En una reciente emisión del programa Répliques de France Culture su director, el filósofo Alain Finkielkraut, entrevistaba al primer ministro francés Edouard Philippe con ocasión de la publicación de su libro Des hommes qui lisent. En un momento dado el entrevistador recordaba al invitado su reciente decisión de eliminar de las publicaciones oficiales del Estado la escritura inclusiva, inmediatamente criticada por el diario Le Monde. El primer ministro señalaba que los textos oficiales debían reflejar el francés tal que se lo escribe, y, que, respetando la evolución natural de la lengua, existe una convención que sanciona el uso, y que aquélla debe ser respetada más allá de la proliferación de diversas ortografías. Finkielkraut en su réplica indicaba que el uso del point médian (“punto medio”) que aparece en la escritura inclusiva francesa (Des élèves appliqué·e·s; que en español se manifiesta frecuentemente por el aberrante uso de la arroba (alumn@s) para hacer “visible” la forma femenina, no es una evolución de la lengua, sino una convención que hace violencia al uso, y que si los mismos que defienden esta escritura, como Le Monde o Libération la usaran en sus ediciones, perderían a sus lectores, en reacción a este “tartamudeo impuesto” (bégaiement imposé), pues para reformar la lengua hace falta escucharla, como en el caso de formas femeninas que se desarrollan naturalmente como romancière, préfète, ambassadrice, etc.
En España, en cambio, la Administración impone sí o sí el uso del lenguaje inclusivo y se pide a los funcionarios que lo usemos en nuestras comunicaciones internas, para evitar la predominancia del masculino genérico, considerado como signo de “lenguaje sexista” o “machista” (ej.: utilizar “quienes” por “los que”, “alumnado” en vez de “alumnos”, hablar de “personas”, etc.; -alguna vez me he encontrado con la hipercorrección de alumnos que decían el alumnado y la alumnada-). Tal zafia ignorancia del funcionamiento del sistema abstracto de la lengua, regido por el principio de economía, y tal burda ideologización de ésta no responde a un verdadero interés por aumentar las cotas de igualdad entre hombres y mujeres, pues a nadie se le escapa que esto redunda en un mero nominalismo farragoso, sino al designio de desarrollar etiquetas para identificar a los “progresistas” frente a los “retrógrados sexistas/machistas” que se caracterizarían por el uso normal de la lengua en el seno de una sociedad crecientemente sectaria.
Así, no he escuchado a ninguna formación política del régimen, ni siquiera a los socialdemócratas violáceos de Podemos, proponer que las pensiones de manutención para los hijos de divorciadas sean ejecutivas.
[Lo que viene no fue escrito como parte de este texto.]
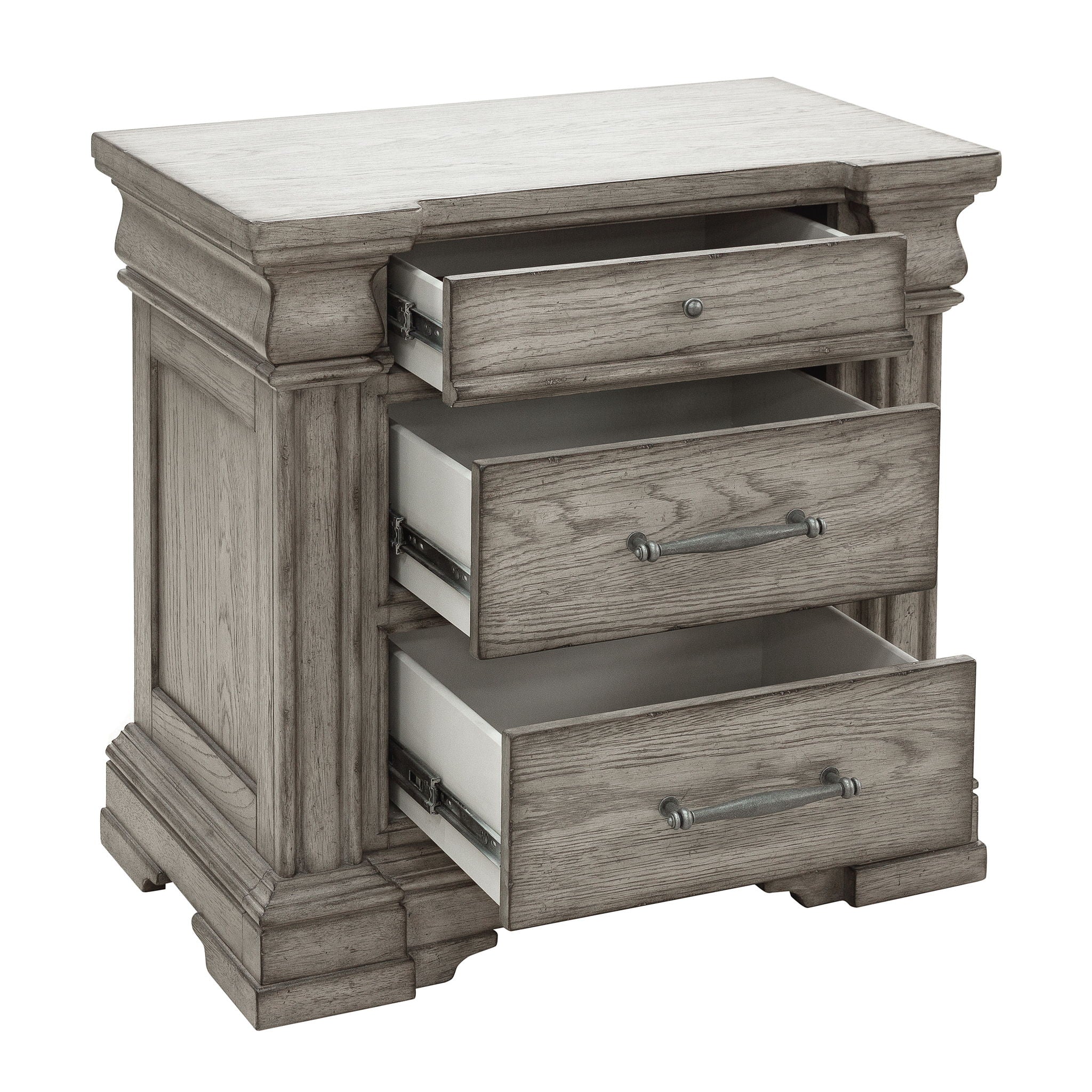 Madison Ridge - 3 Drawer Nightstand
Existen, de hecho, muchos casos de mujeres sobre las que sus ex maridos ejercen con delectación esa forma de maltrato que consiste en no pagar las pensiones de sus hijos, pues esos miserables saben que una mujer no va a abandonarlos, y ellos, por supuesto, sí, sin que a la señora que se ve obligada a limpiar escaleras le quede otro recurso que pagarse procurador y abogado para iniciar un largo y tortuoso proceso judicial para obtener aquello que no le debería ser negado (ese mismo partido que luego se niega a readmitir en Cádiz a una mujer trabajadora que ganó un juicio por despido improcedente al anterior consistorio pepero). La partidocracia, en fin, por su conciencia de clase privilegiada ajena a la sociedad civil, siempre desconfía de quien se atreve a reclamar sus derechos, y no tiene empacho, en cambio, en multiplicar las arrobas, y en llamar “machista” o “androcentrista” (que parece, sin serlo, más inteligente) a quien habla en román paladino.